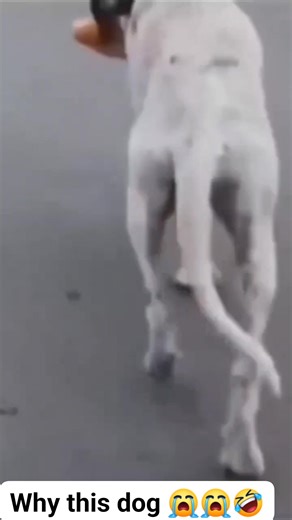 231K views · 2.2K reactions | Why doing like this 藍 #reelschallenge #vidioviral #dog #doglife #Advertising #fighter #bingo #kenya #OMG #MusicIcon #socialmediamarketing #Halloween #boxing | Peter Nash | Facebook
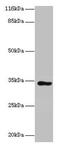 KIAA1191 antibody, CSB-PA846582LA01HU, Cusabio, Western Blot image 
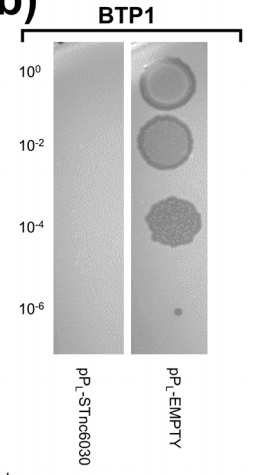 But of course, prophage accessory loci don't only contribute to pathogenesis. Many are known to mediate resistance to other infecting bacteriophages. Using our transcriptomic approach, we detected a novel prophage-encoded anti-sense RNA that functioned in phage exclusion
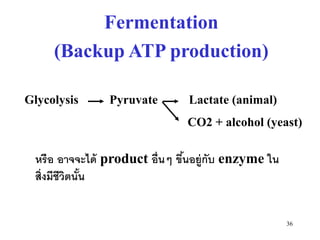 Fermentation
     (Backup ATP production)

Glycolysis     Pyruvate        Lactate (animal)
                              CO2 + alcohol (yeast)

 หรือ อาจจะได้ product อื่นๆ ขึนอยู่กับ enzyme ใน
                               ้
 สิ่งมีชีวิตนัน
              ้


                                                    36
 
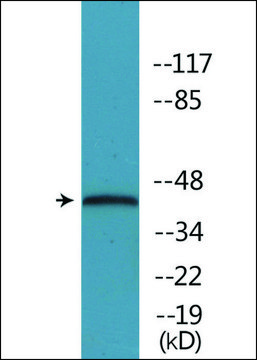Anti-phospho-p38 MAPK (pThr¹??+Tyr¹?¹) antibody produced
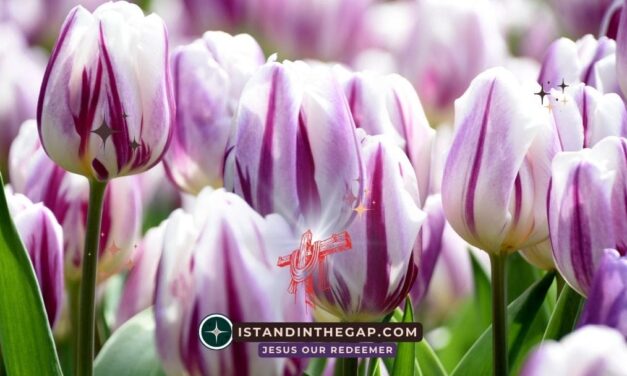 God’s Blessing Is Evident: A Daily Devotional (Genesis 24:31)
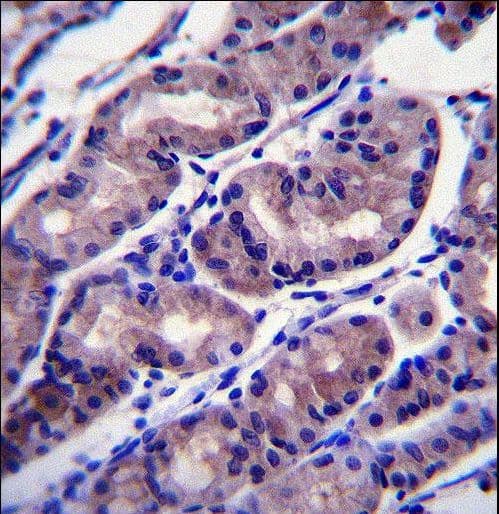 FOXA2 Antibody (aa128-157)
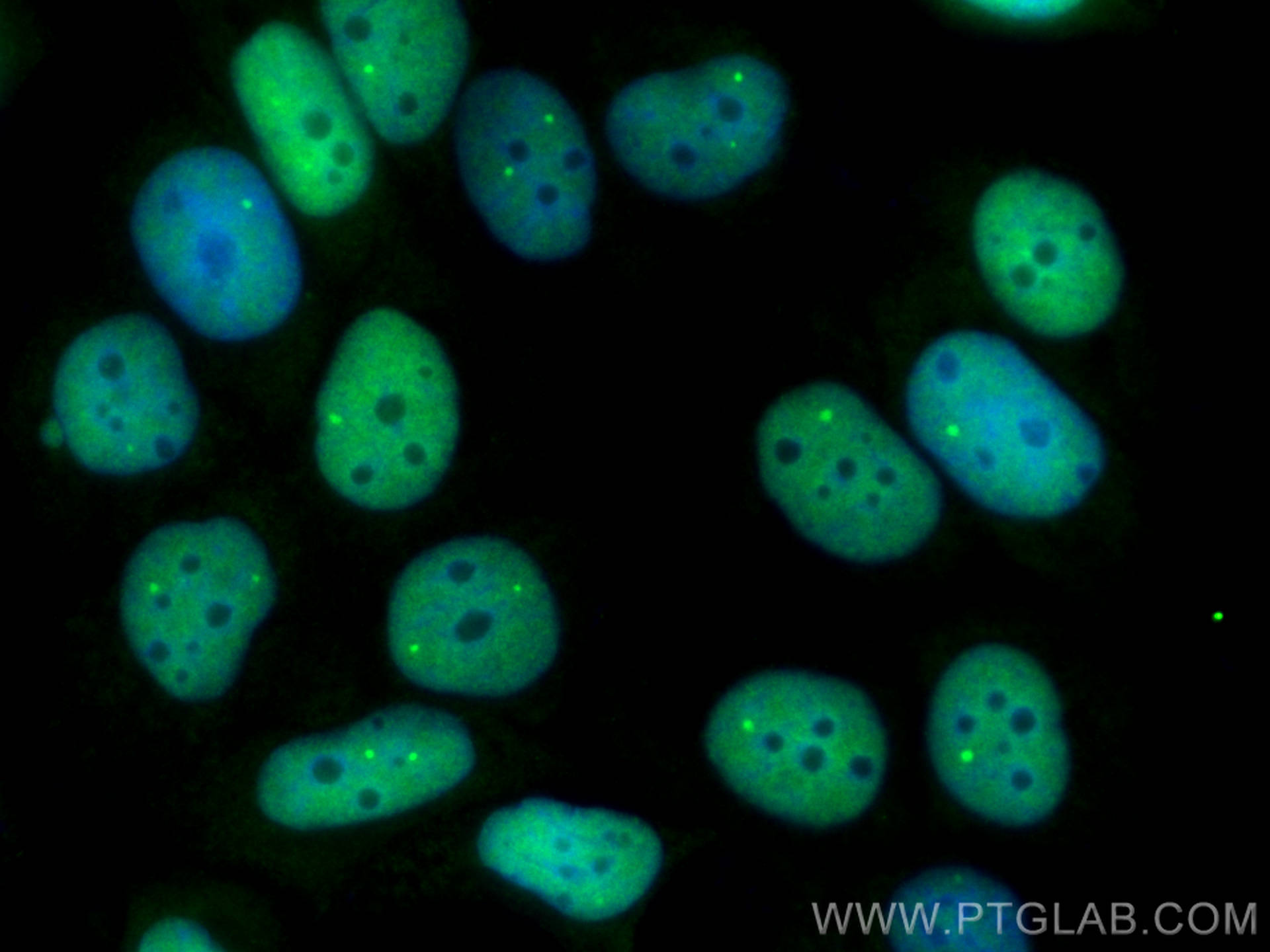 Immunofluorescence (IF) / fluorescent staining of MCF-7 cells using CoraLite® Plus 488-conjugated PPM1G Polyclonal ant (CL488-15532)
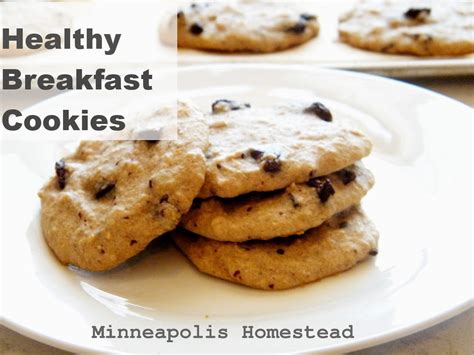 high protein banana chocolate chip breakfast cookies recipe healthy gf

^^^^^^^^^^^^^^^^

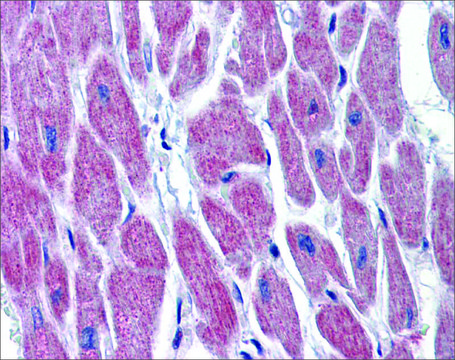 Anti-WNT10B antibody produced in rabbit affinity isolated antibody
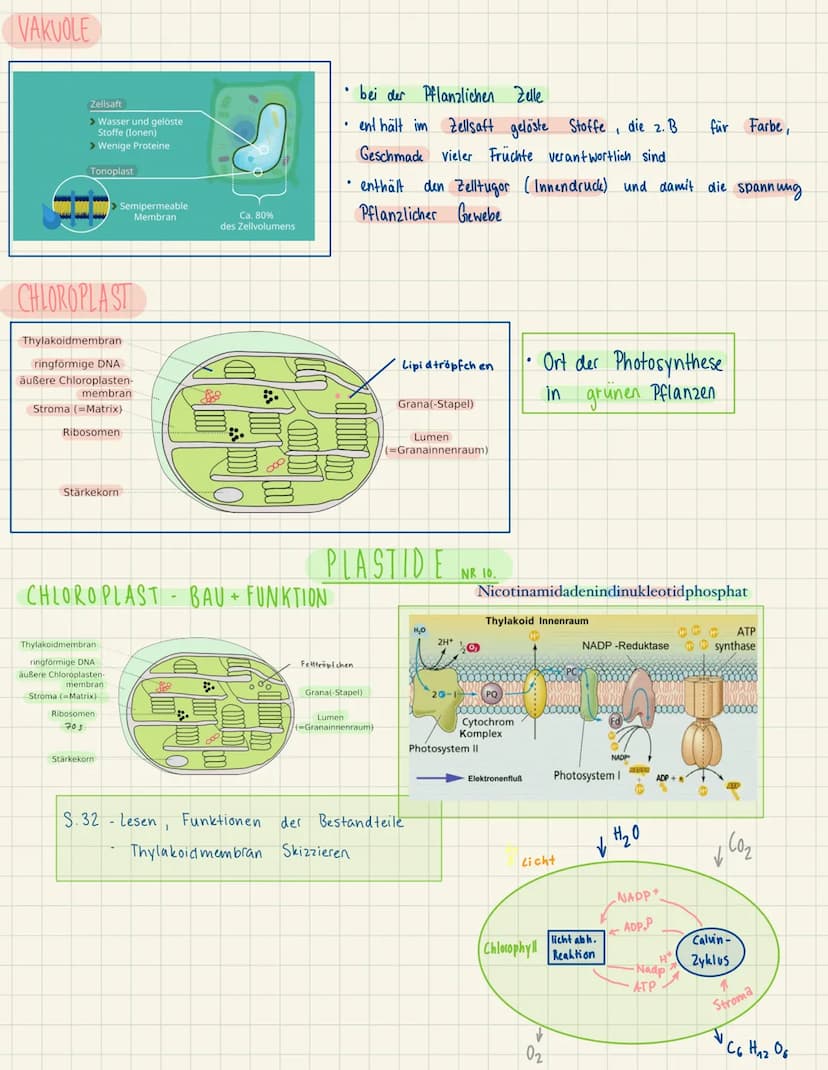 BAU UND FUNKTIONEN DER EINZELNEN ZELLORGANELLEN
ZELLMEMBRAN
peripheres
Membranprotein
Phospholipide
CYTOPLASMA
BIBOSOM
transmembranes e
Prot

^^^^^^^^^^^^^^^^

[What to work on]
Above are some entries; copy exactly the lines from the line with "Immunofluorescence (IF) /" through the line with "high protein banana", both included, but none of the pictures.

[Completed exercise]
 Immunofluorescence (IF) / fluorescent staining of MCF-7 cells using CoraLite® Plus 488-conjugated PPM1G Polyclonal ant (CL488-15532)
 high protein banana chocolate chip breakfast cookies recipe healthy gf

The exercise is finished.